Extending run-time verification for the kernel

By Daroc Alden
July 30, 2025

There are a lot of things people expect the Linux kernel to do correctly. Some of these are checked by testing or static analysis; a few are ensured by run-time verification: checking a live property of a running Linux system. For example, the scheduler has a handful of different correctness properties that can be checked in this way. Nam Cao posted a patch series that aims to extend the kinds of properties that the kernel's run-time verification system can check, by adding support for linear temporal logic (LTL). The patch set has seen eleven revisions since the first version in March 2025, and recently made it into the linux-next tree, from where it seems likely to reach the mainline kernel soon.

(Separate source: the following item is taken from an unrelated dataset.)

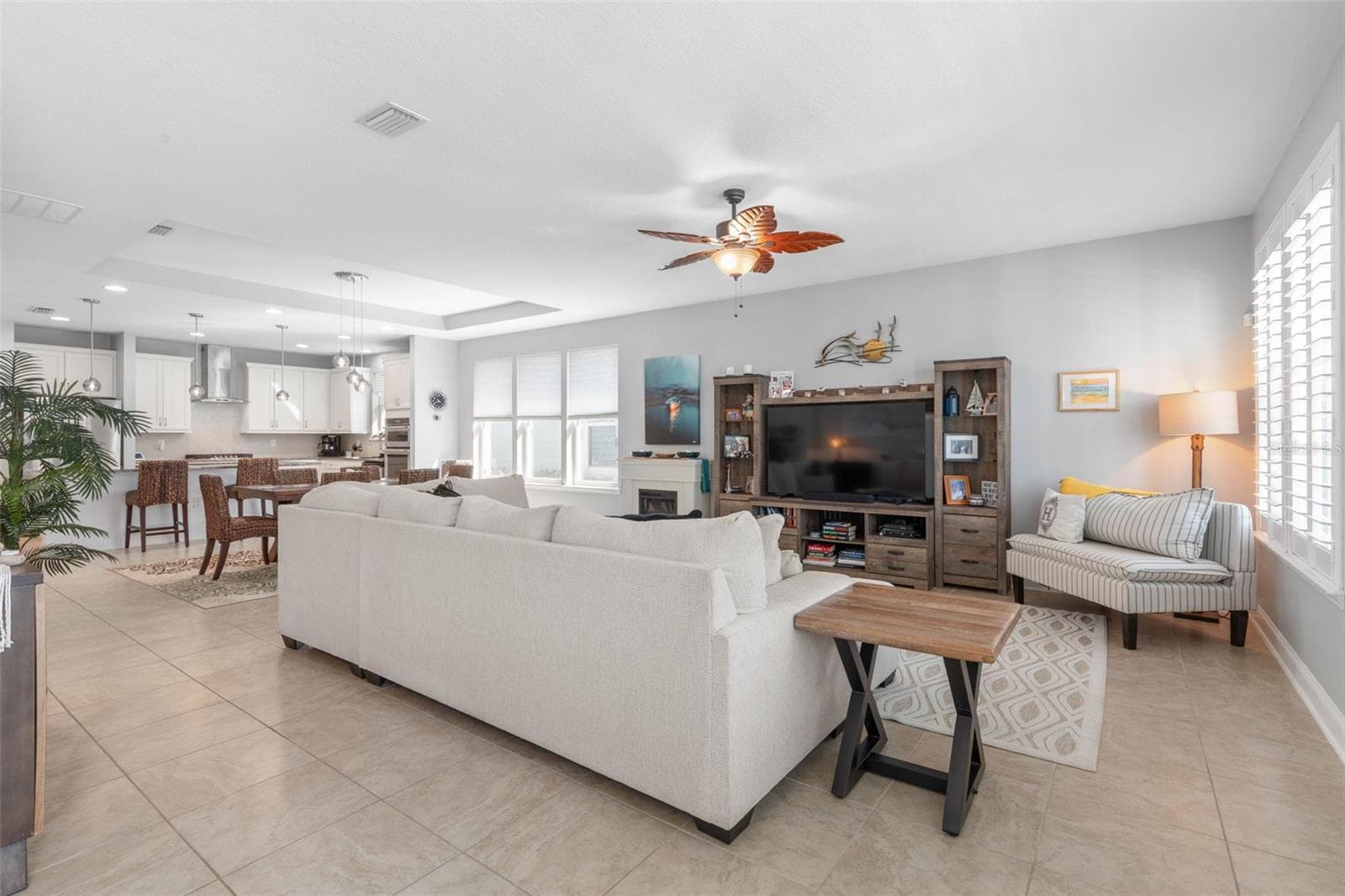 Single Family Residence at 8 HIDDEN TREASURE DR, PALM COAST, photo 10 of 93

Run-time analysis is present everywhere in the kernel; lockdep, for example, is a kind of run-time verification. But instrumenting the whole kernel for each kind of verification that people may want to perform is infeasible. The run-time verification subsystem allows for tracking more complex properties by hooking into the kernel's existing tracing infrastructure. For example, run-time verification can be used to ensure that a system schedules tasks correctly; there are options to ensure that task switches only occur during a call to __schedule(), that the scheduler is called in a context where it is safe to do so, and various other properties of the scheduler interface that depend on the global state of the system. Each property that is checked in this way is represented by a per-CPU or per-task state machine called a monitor. Tracing events drive the transitions in these machines. If they ever reach an error state, the kernel can be configured to log an error message or panic.

The use of state machines has the nice property of keeping the actual overhead of the monitors as low as possible. A 2019 paper by Daniel Bristot de Oliveira, Tommaso Cucinotta, and Rômulo Silva de Oliveira showed that the overhead of updating a state machine was actually lower than the overhead of just recording tracing events to a file for later analysis. Because state machines, ironically, do not track much state, the per-task memory usage of the system is quite small as well.

Writing state machines by hand is a tedious process, though, so the kernel includes an rvgen tool that can convert a state machine described in Graphviz's DOT format into appropriate C code. There is a bit of manual work to do in order to connect the generated state machine to the correct tracing events, but rvgen also generates appropriate kernel configuration and header files, and provides a checklist of what the programmer will need to implement themselves.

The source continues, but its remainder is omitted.